• **What you should do**
Write the data out again exactly, with no pictures.

===== Data extract =====

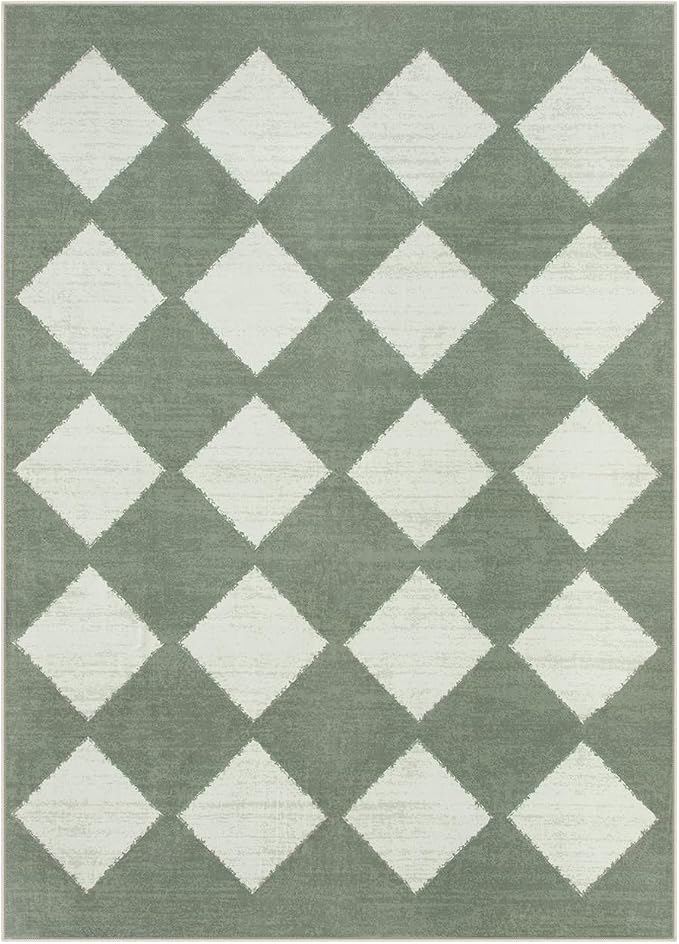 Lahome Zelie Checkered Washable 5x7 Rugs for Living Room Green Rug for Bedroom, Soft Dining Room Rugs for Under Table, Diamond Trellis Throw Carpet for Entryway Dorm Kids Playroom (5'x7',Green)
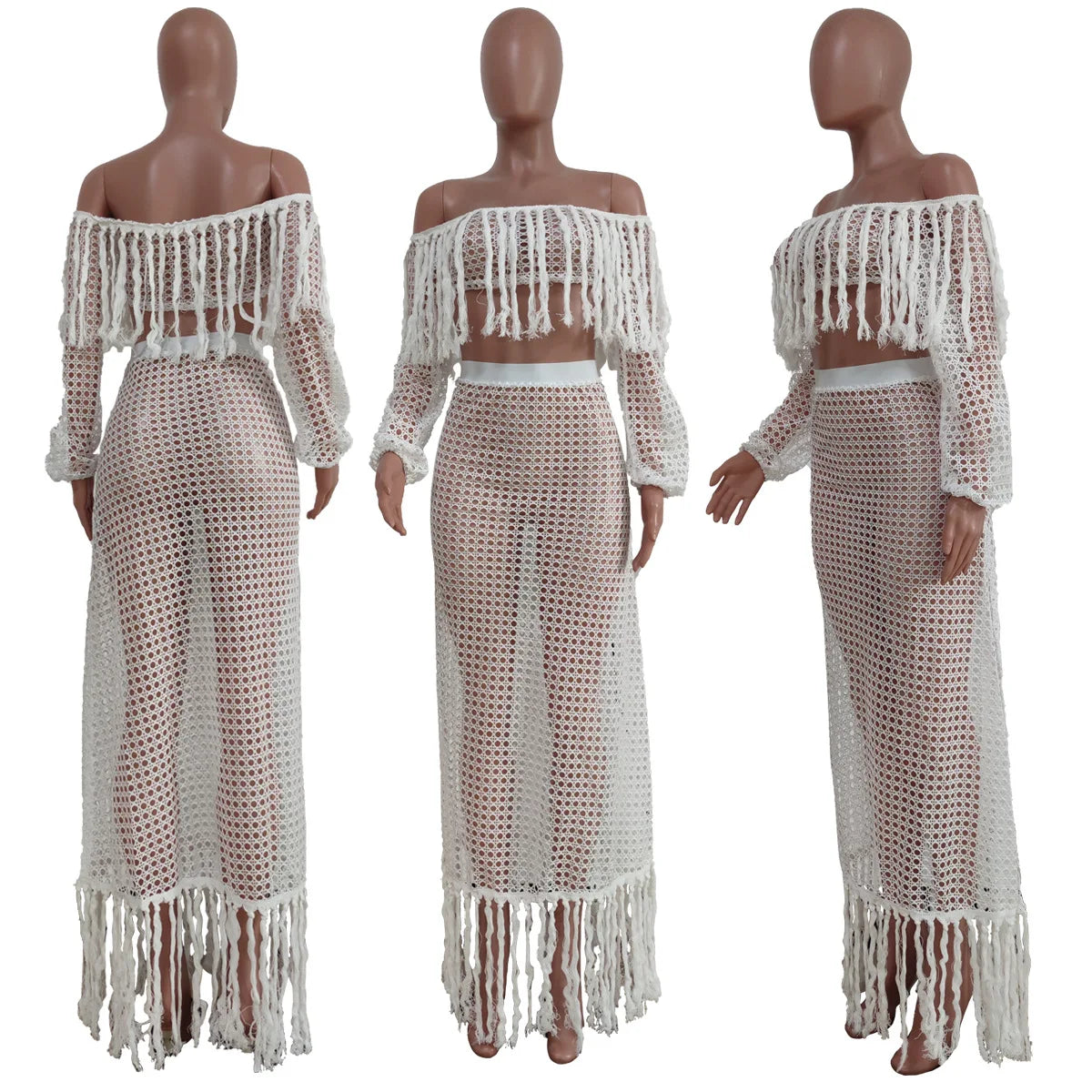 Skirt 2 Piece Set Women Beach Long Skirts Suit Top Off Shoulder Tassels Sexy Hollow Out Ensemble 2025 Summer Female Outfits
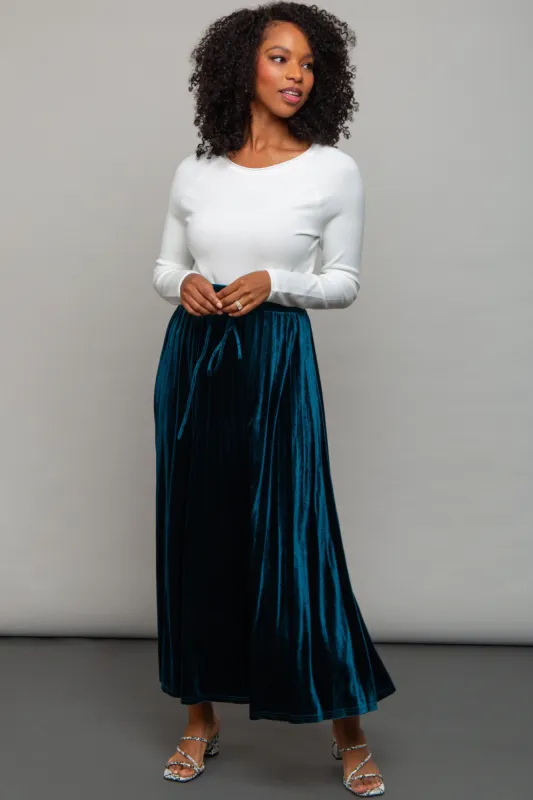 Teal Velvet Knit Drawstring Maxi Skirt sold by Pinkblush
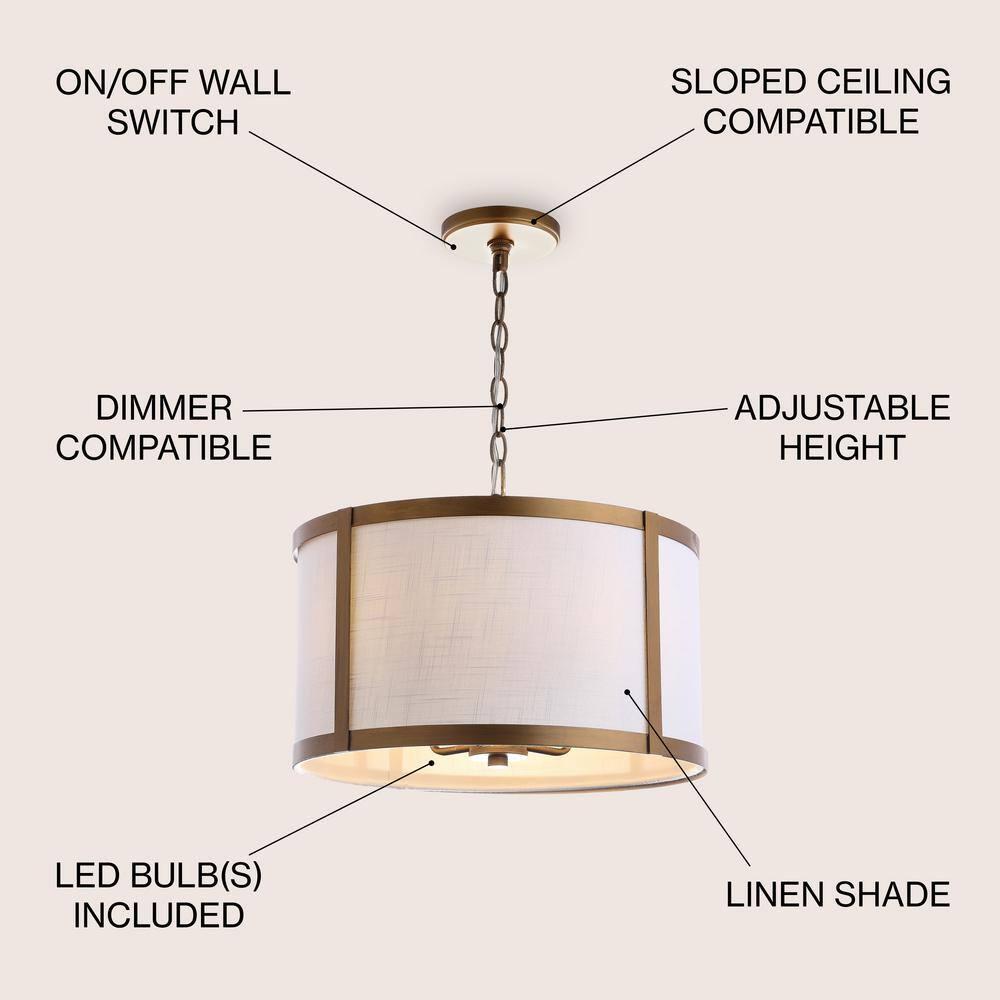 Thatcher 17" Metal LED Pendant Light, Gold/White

=====

• **Solution for this problem**
 Lahome Zelie Checkered Washable 5x7 Rugs for Living Room Green Rug for Bedroom, Soft Dining Room Rugs for Under Table, Diamond Trellis Throw Carpet for Entryway Dorm Kids Playroom (5'x7',Green)
 Skirt 2 Piece Set Women Beach Long Skirts Suit Top Off Shoulder Tassels Sexy Hollow Out Ensemble 2025 Summer Female Outfits
 Teal Velvet Knit Drawstring Maxi Skirt sold by Pinkblush
 Thatcher 17" Metal LED Pendant Light, Gold/White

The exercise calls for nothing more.